§ Data records
++++++++++++++++++++

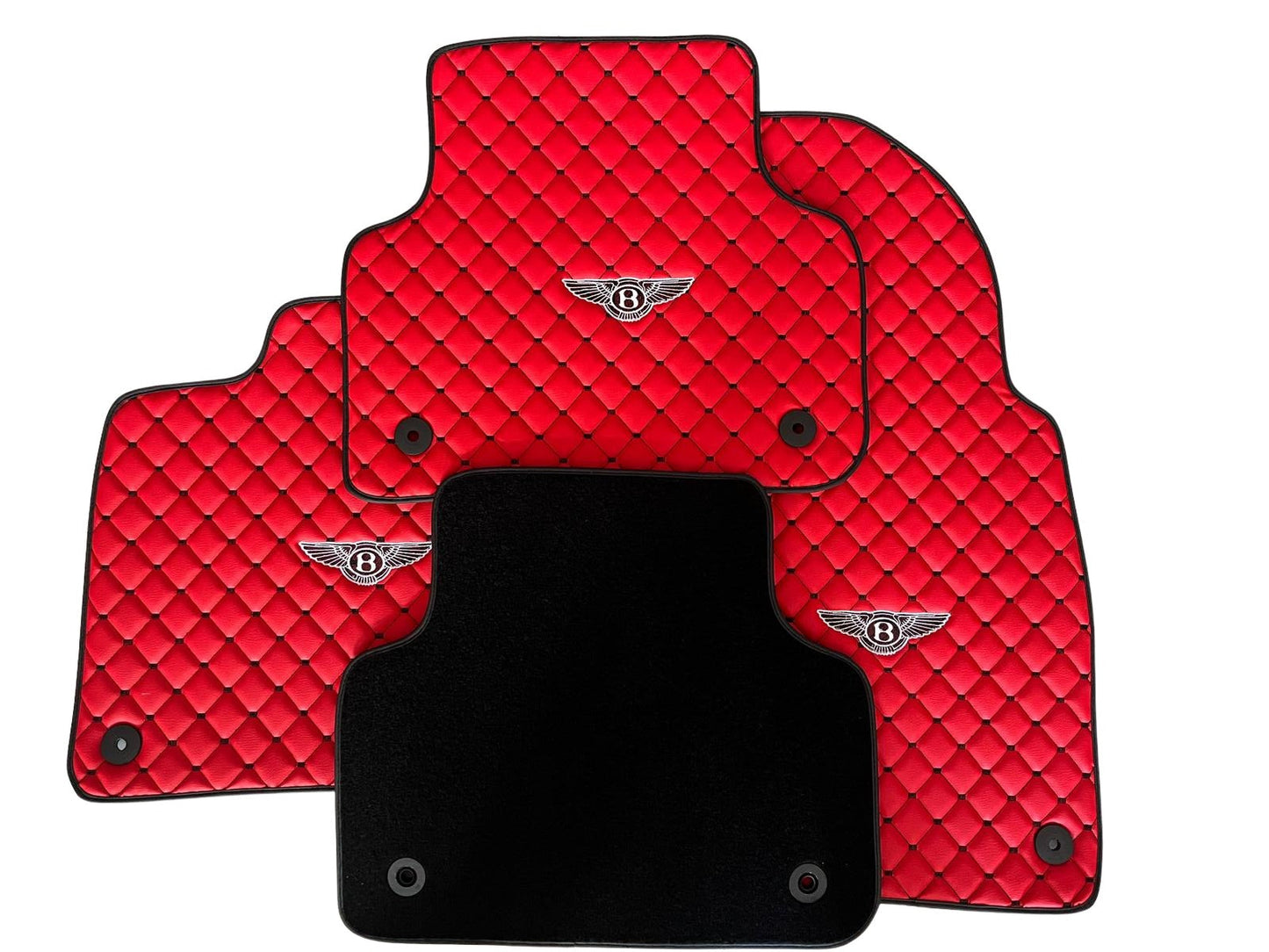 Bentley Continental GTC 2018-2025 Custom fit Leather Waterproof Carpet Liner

++++++++++++++++++++

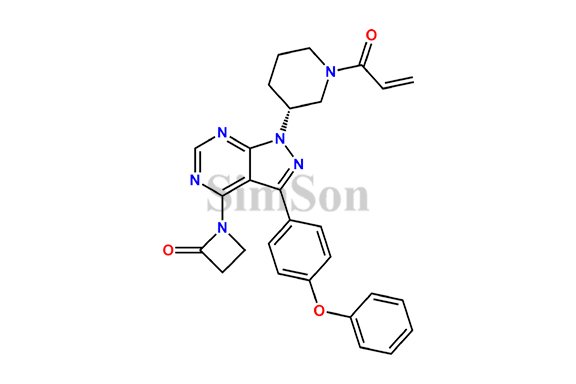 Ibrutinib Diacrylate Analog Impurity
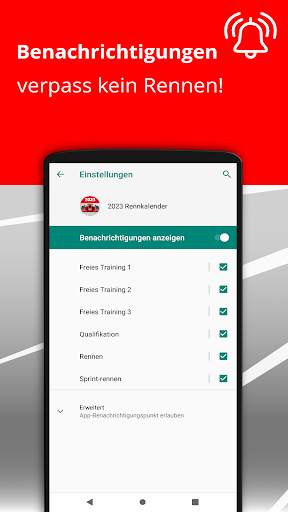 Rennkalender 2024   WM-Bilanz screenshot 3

++++++++++++++++++++

What's needed is an exact copy of the lines above from the one with "Ibrutinib Diacrylate Analog Impurity" through the one with "WM-Bilanz screenshot 3", both included; the pictures stay out.

 Ibrutinib Diacrylate Analog Impurity
 Rennkalender 2024   WM-Bilanz screenshot 3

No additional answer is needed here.